二回目、瓶が乾いてから、アルコールや食品用消毒剤等で消毒する。

これだけです。

瓶容器は、煮沸消毒か熱湯消毒が基本。
これは瓶全体の殺菌消毒を行えるため、確実な消毒方法です。

その後、瓶は自然乾燥をしますが、梅を漬ける直前にホワイトリカーなどで再度さっと消毒をします。

菌によっては100度では死なないものや、アルコール耐性の菌などもいますが、通常は熱消毒とアルコール消毒の効果で、たいがいの菌はいなくなります。

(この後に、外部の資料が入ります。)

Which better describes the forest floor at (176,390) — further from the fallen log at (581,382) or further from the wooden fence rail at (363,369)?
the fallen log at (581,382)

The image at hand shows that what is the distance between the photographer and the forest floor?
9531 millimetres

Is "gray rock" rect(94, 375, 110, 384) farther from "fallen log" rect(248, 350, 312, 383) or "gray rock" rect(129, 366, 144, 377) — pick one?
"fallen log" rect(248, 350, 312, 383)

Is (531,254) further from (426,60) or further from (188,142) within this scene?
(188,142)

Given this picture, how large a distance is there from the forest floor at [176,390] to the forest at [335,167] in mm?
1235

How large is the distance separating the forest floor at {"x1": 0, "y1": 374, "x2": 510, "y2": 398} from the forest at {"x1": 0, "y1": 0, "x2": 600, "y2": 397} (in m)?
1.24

ウチでは毎年のように瓶容器で梅を漬けますが、通常二段階で消毒をしています。
そのせいか、減塩で梅を漬けても、カビが出るということはないのです。

梅を漬ける瓶の消毒方法まとめ

(1) 瓶の消毒方法は大きく分けて2つ

・熱消毒(煮沸消毒、熱湯消毒)
・アルコールや食品用の消毒剤などでの消毒

(2) 煮沸消毒と熱湯消毒で気をつけること

瓶は温度差に弱いので、急激に熱を与えないこと。
また、急激に冷やしたりもしないこと。

(3) 消毒に使うアルコールや消毒剤は

・度数35度以上のお酒(アルコール)
・食品用のエタノール(アルコール)
・食品用の消毒剤など

(4) 梅を漬ける場合の瓶の消毒は

・熱消毒とアルコール消毒などの二段階で行うとよい
(煮沸消毒か熱湯消毒+アルコールや食品用消毒剤などでの消毒。)

煮沸消毒・熱湯消毒は瓶を乾かす時間が必要なので、梅の処理前にやっておくといいでしょう。
また、ホワイトリカーや食品用薬剤での消毒は、梅を漬ける直前にするといいです。

消毒は慣れないとむずかしく感じたり、面倒だなぁ~と思うこともあるでしょう。
しかし慣れれば、なんてことのない作業ですので、梅ちゃんを傷ませないためにも、ぜひやってみてくださいね。

ではでは、これにて。

ここまでお付き合いくださいましてありがとうございます。